Signs of reflation — rising nominal growth, wages and inflation — are popping up everywhere.

In the U.S., a tighter labor market is pushing up average hourly earnings at the fastest pace since 2009, and the prices of more than half the goods in the U.S. Consumer Price Index (CPI) are rising at an above-average pace for the first time since 2008.

Europe and Japan are seeing reflation take root as well, but are in earlier stages relative to the U.S. Overall, we see the global expansion becoming more synchronized and self-reinforcing, with China and emerging markets also experiencing a growth pickup.

We expect global reflation to continue playing out in 2017, remaining a key theme for how investors position their portfolios.

Investor action items

A reflationary environment favors stocks over bonds, and we are optimistic about further upward revisions to earnings estimates. We see this theme bestowing more positive surprises outside the U.S., where stock markets have yet to fully acknowledge the potential benefits of reflation.

Bond markets have had to recalibrate to accommodate higher inflation expectations and an improving economic outlook. The upshot has been steepening yield curves, a risk for holders of long-dated bonds. Investors may need to adjust their focus:

  • Turn to TIPS. Replacing nominal Treasuries with Treasury Inflation Protected Securities (TIPS) can help blunt the blow of higher inflation.
  • Shorten duration. Shorter-maturity bonds stand to better weather an uptick in interest rates.
  • Get flexible. Fixed income strategies with the flexibility to tactically adjust duration and capitalize on yield curve shifts may offer an advantage.

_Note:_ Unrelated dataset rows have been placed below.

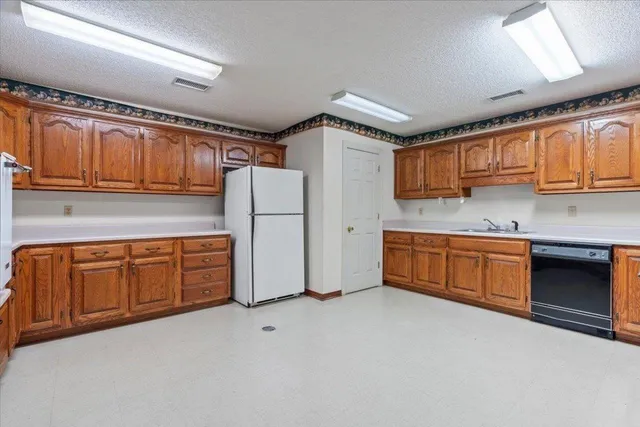 a open kitchen with stainless steel appliances granite countertop a stove sink and cabinets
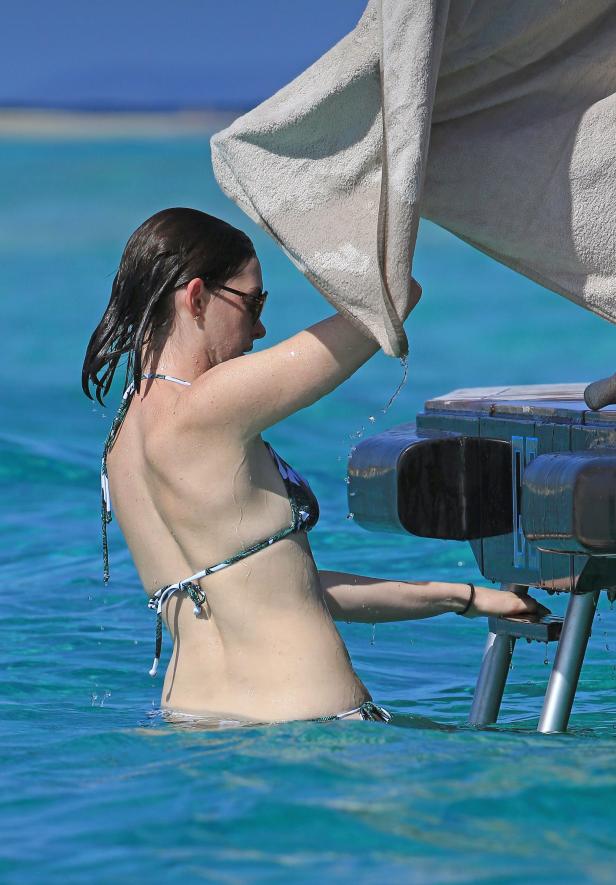 Eine Frau im Bikini steht im türkisfarbenen Wasser und hält ein Handtuch.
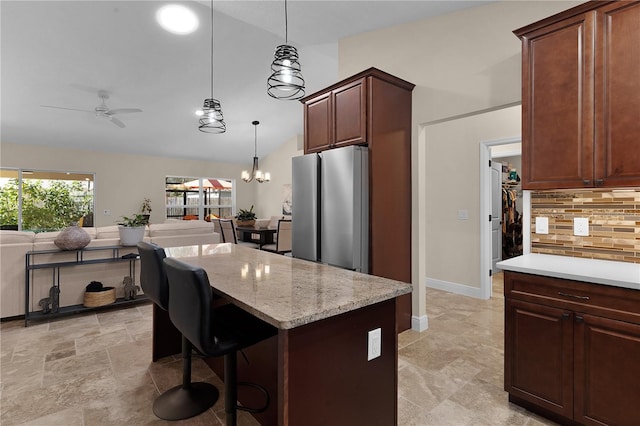 kitchen with a kitchen island, hanging light fixtures, freestanding refrigerator, tasteful backsplash, and a kitchen bar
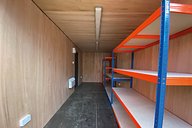 Interior of workshop container conversion with racking
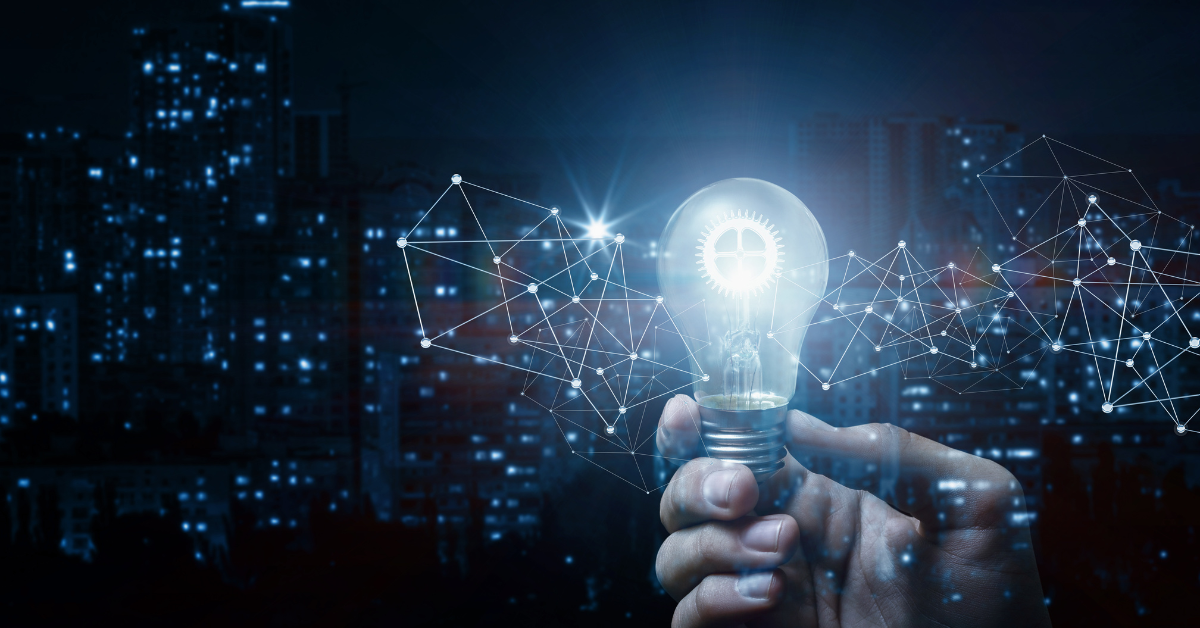 hand holding a bulb illustrating concept of idea and innovation image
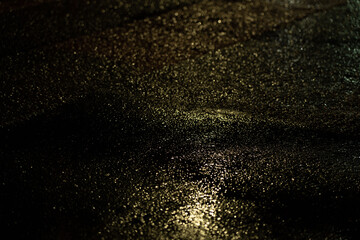 Car headlights on a wet road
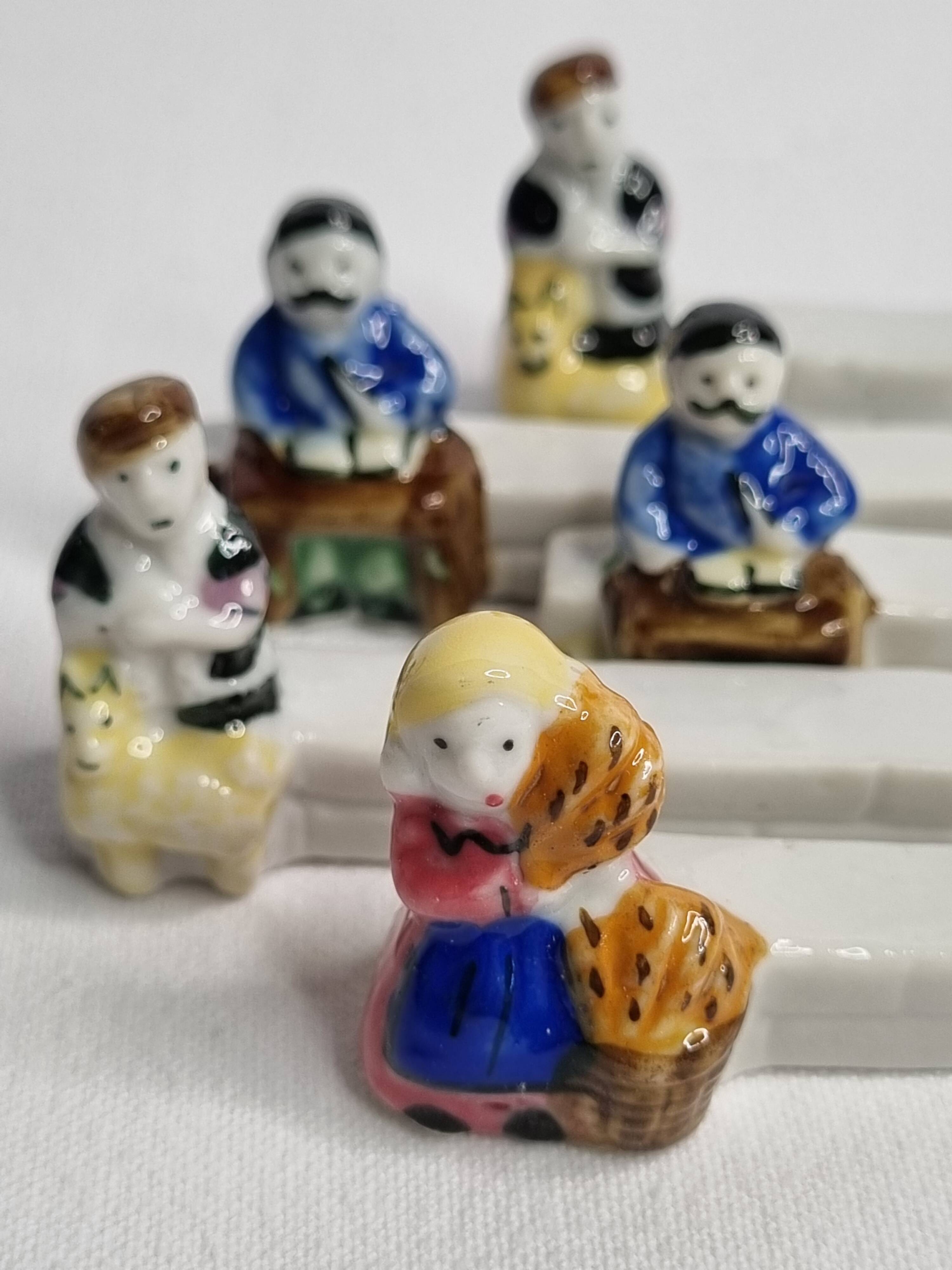 Five porcelain knife holders signed "Le Merzer", 6 cm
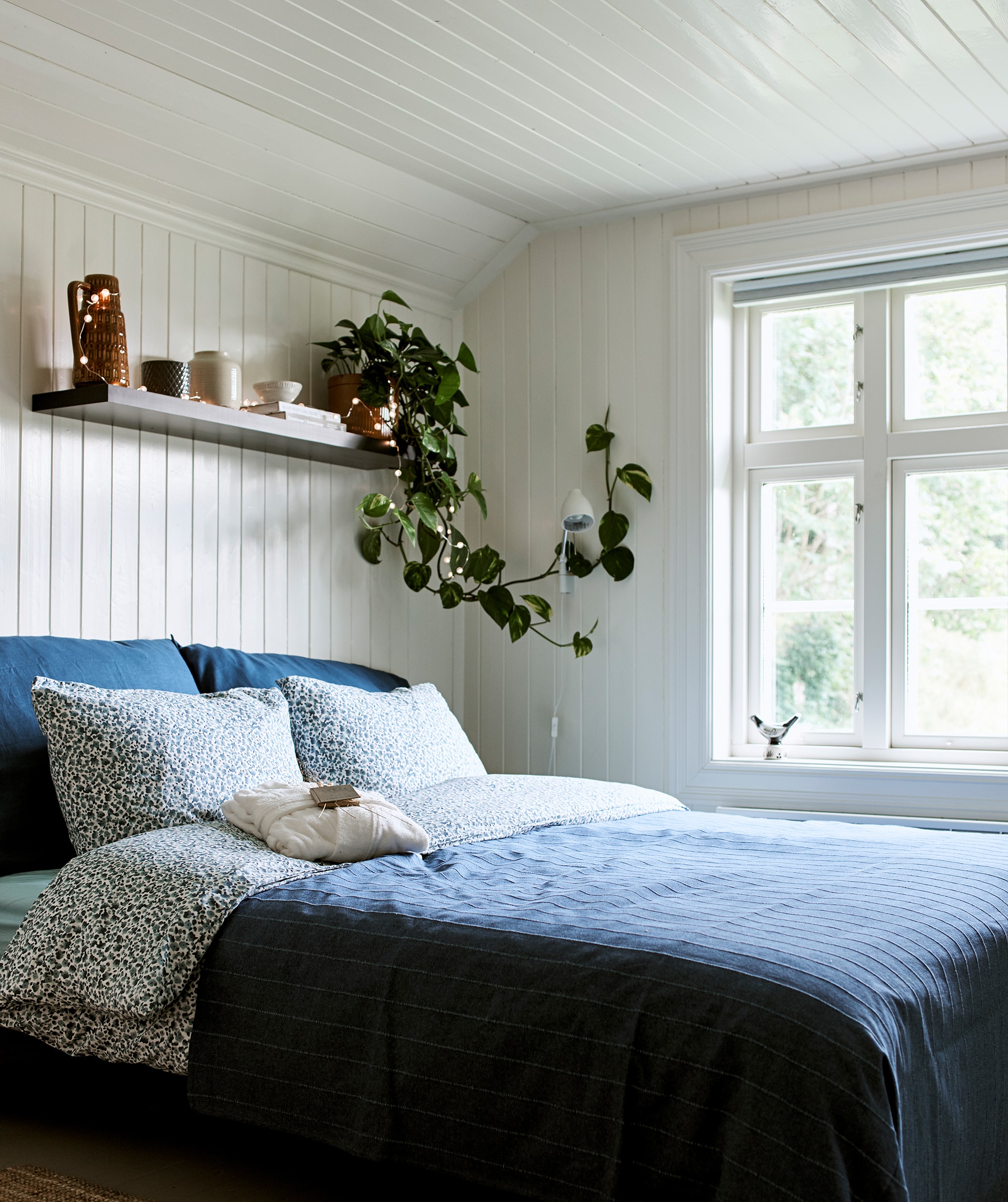 A farmhouse bedroom with white wood panelling and bed dressed in blue bedding with a wall shelf above to store and display.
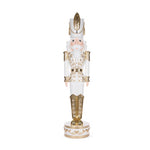 Gold and white nutcracker with feather and jewel on hat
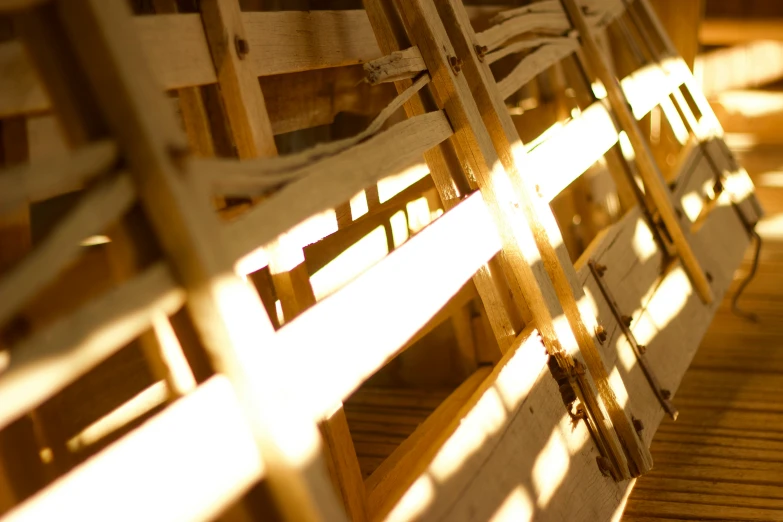 a row of benches covered in wooden slats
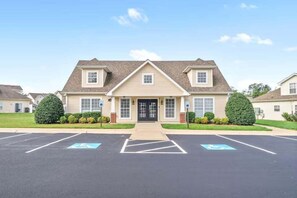 A two-story building with a central entrance, parking lot, and wheelchair-accessible spaces.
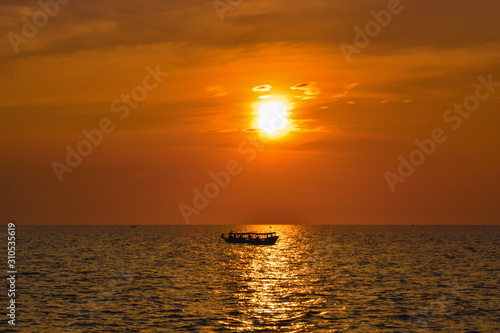 Lonely boat on a wide sea during beautiful orange sunset in Asia © MartinZizlavsky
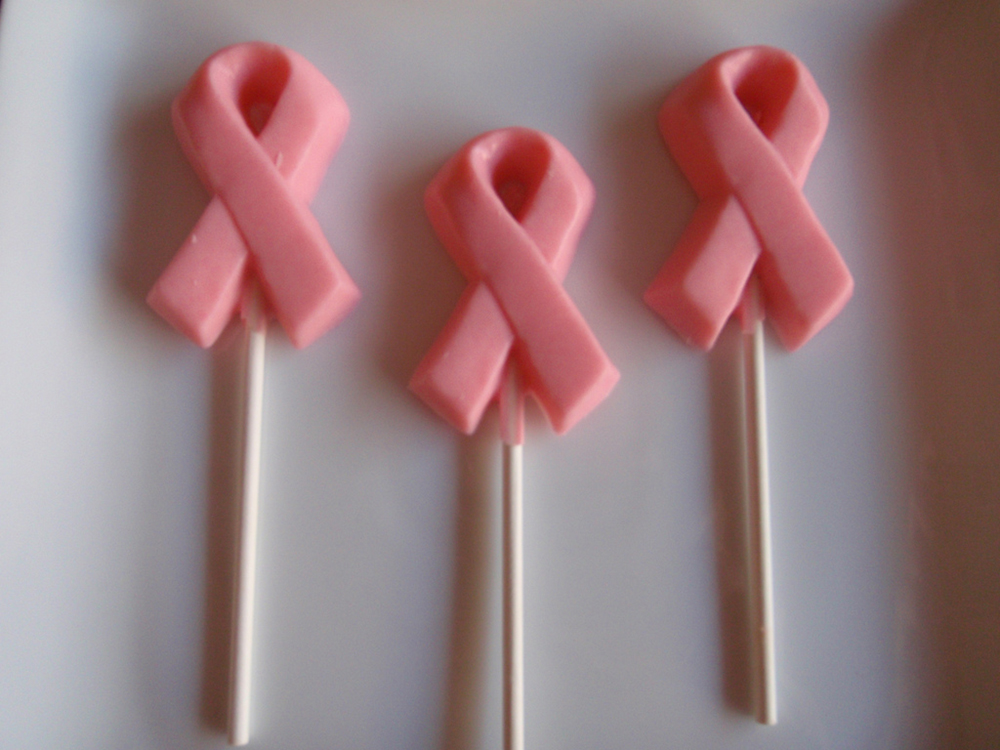 Pink ribbon lollipops are shown here.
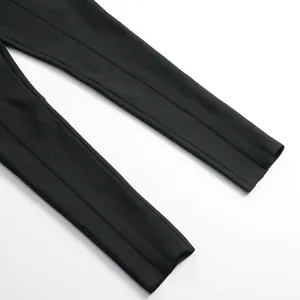 Detailed close-up view of black bandage jumpsuit pencil trouser cuffs with center seam stitching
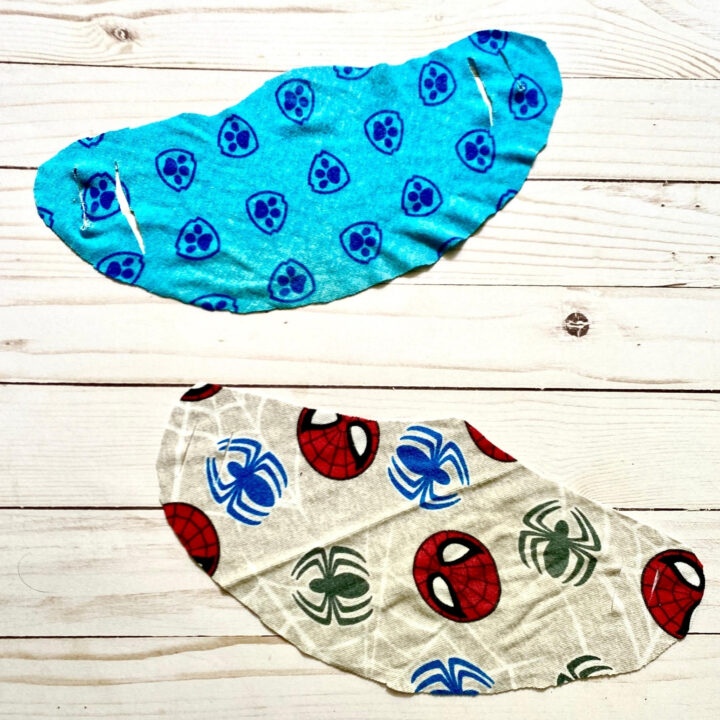 Blue patterned cloth face mask with paw print design, laid on light wood surface.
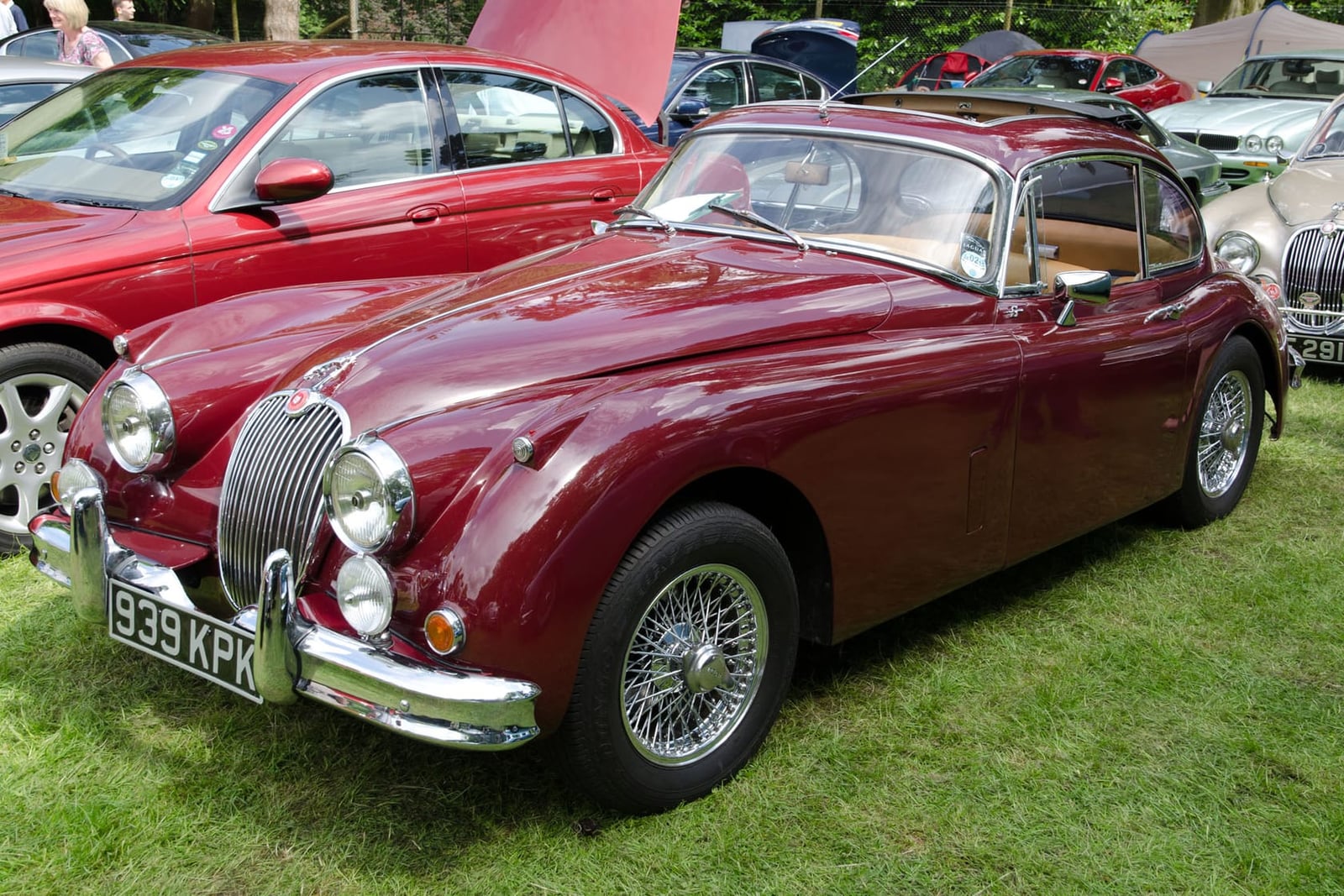 A maroon 1959 Jaguar XK150 S fixed-head coupé with wire wheels and a UK registration on a show field
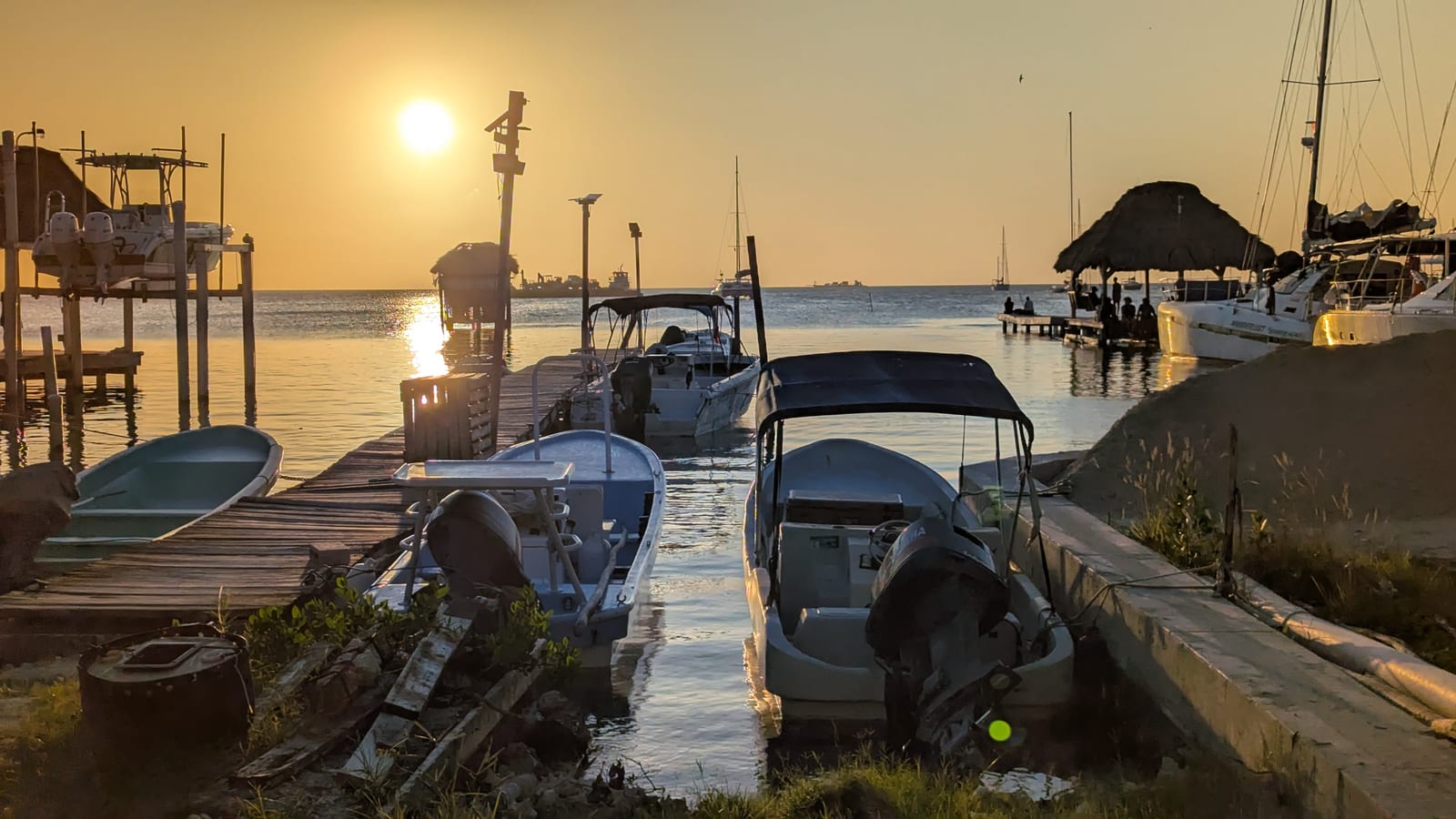 Sunset at a dock on Caye Caulker
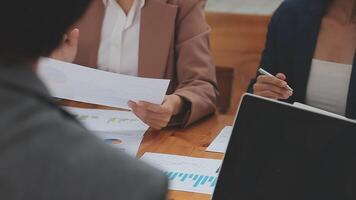 Financial analysts analyze business financial reports on a digital tablet planning investment project during a discussion at a meeting of corporate showing the results of their successful teamwork. video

When interest rates rise, bond portfolio principal is at risk

When interest rates rise, bond portfolio principal is at risk

2. Look out for low returns

Notwithstanding the prevailing reflationary trend, potential economic growth rates — the natural speed limit of economies — have headed lower and lower in recent decades. This can be attributed to many factors, including aging populations globally, weak productivity growth and excess savings. All of these serve to keep a lid on global growth potential, as well as the extent to which rates can rise.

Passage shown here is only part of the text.